Rosa Weber já se manifestou a favor da descriminalização até o terceiro mês de gestação em julgamento da 1ª Turma do STF em 2016, assim como os ministros Luiz Edson Fachin e Luís Roberto Barroso.
Se, por um lado, o uso do misoprostol —pílula abortiva, em grande parte, comprada no mercado paralelo— tornou o aborto uma prática menos arriscada, levando à queda do número de internações, por outro, mulheres de menor nível socioeconômico tendem a fazer uso errado ou tardio do remédio, o que torna a prática arriscada.
Associado a isso, elas demoram em procurar o hospital e, quando o fazem, não relatam a prática do aborto ao médico, atrasando intervenções que poderiam reduzir as complicações e evitar a morte.
“Elas sangram, adoecem, mas resistem em procurar socorro”, diz a antropóloga Debora Diniz, professora da UnB (Universidade de Brasília) e pesquisadora da Anis.
E por que a demora? “Pelo medo de os profissionais de saúde as denunciarem, pelo medo do estigma do aborto. Não é o aborto que as mata, mas os efeitos da criminalização”, diz ela, que será uma das expositoras na audiência.
As complicações por aborto consomem mais recursos de saúde —como medicamentos caros, bolsas de sangue, centro cirúrgico e leito de UTI.
Por ano, são mais de 15 mil mulheres internadas por pelo menos quatro dias, das quais 5.000 com complicações graves. Nesses casos, o custo hospitalar é 317% maior em relação aos que não complicaram.

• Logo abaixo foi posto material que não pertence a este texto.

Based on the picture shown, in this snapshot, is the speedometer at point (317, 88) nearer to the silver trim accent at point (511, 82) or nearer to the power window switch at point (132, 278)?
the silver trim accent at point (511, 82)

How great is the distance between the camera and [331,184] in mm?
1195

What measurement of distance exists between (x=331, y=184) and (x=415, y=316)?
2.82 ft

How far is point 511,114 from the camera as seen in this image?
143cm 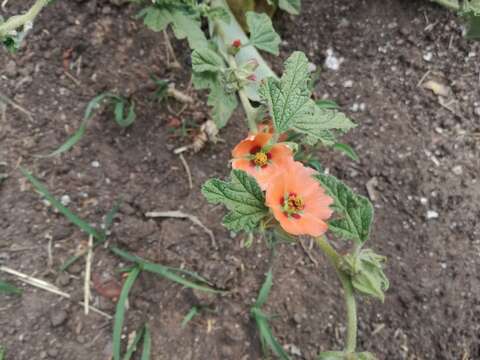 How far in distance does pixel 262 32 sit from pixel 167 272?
1.03 meters

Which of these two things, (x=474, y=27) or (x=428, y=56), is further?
(x=428, y=56)

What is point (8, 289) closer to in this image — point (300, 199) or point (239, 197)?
point (239, 197)

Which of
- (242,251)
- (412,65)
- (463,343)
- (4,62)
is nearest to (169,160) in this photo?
(242,251)

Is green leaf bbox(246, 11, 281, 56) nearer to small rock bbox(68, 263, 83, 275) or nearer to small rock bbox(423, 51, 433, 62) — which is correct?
small rock bbox(423, 51, 433, 62)

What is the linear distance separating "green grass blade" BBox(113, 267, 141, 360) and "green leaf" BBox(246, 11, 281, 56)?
3.39 feet

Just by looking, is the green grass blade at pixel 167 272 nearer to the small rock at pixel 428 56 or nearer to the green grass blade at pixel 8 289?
the green grass blade at pixel 8 289

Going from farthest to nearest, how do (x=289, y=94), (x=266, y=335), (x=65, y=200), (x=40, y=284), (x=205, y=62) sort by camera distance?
(x=65, y=200) → (x=40, y=284) → (x=266, y=335) → (x=205, y=62) → (x=289, y=94)

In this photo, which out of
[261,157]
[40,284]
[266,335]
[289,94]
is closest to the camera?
[289,94]

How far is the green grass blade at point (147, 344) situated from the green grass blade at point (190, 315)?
0.14 meters

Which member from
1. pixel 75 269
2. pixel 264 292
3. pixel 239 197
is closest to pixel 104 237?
pixel 75 269

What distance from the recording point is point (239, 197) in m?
1.34

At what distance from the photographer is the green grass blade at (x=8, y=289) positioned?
6.32 feet

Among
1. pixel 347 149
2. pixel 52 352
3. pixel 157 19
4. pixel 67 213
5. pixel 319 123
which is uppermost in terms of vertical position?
pixel 157 19

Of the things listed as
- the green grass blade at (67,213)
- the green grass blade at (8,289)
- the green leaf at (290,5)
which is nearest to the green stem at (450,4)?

Em média, 262 mulheres morrem anualmente por essas complicações. “São mortes quase 100% evitáveis, que só ocorrem por falta de acesso a um procedimento seguro, com assistência. Acontecem no auge da vida produtiva dessa mulher que, em geral, deixa órfãos outros filhos” diz o médico Rodolfo Pacagnella, da comissão de mortalidade materna da Febrasgo (federação das sociedades de ginecologia e obstetrícia).

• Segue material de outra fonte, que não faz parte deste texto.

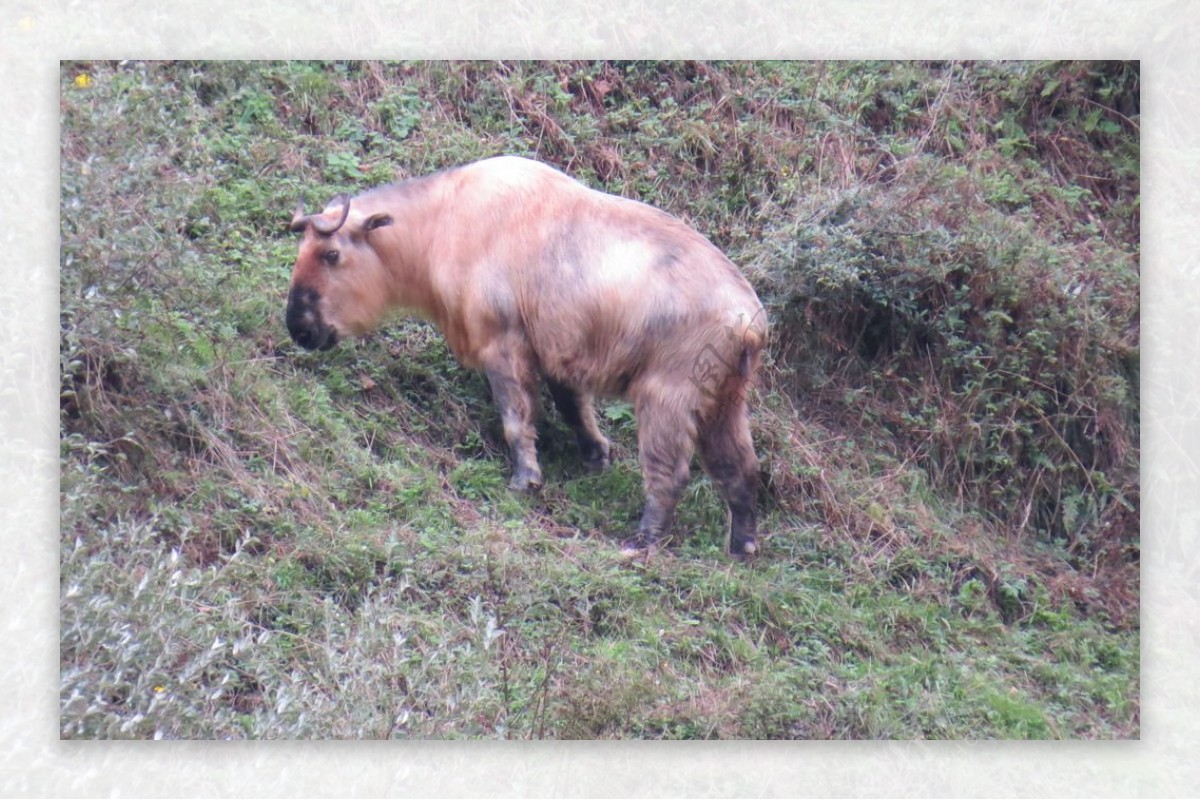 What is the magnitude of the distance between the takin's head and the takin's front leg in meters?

O número de mortes, contudo, é subestimado. Estudo da Fiocruz que avaliou 770 mortes maternas por aborto registradas de 2006 a 2015 aponta que ele pode ser 31% maior.
Foram identificados 195 casos de óbito cujos registros citavam o aborto no histórico, mas que não o tinham como causa principal da morte.
Segundo Greice Menezes, médica epidemiologista e professora da UFBA (Universidade Federal da Bahia), muitas vezes, os registros oficiais atestam que a mulher morreu de sepse (infecção generalizada) ou peritonite (inflamação no tecido do abdômen), sem citar que essas complicações estavam relacionadas a um aborto anterior.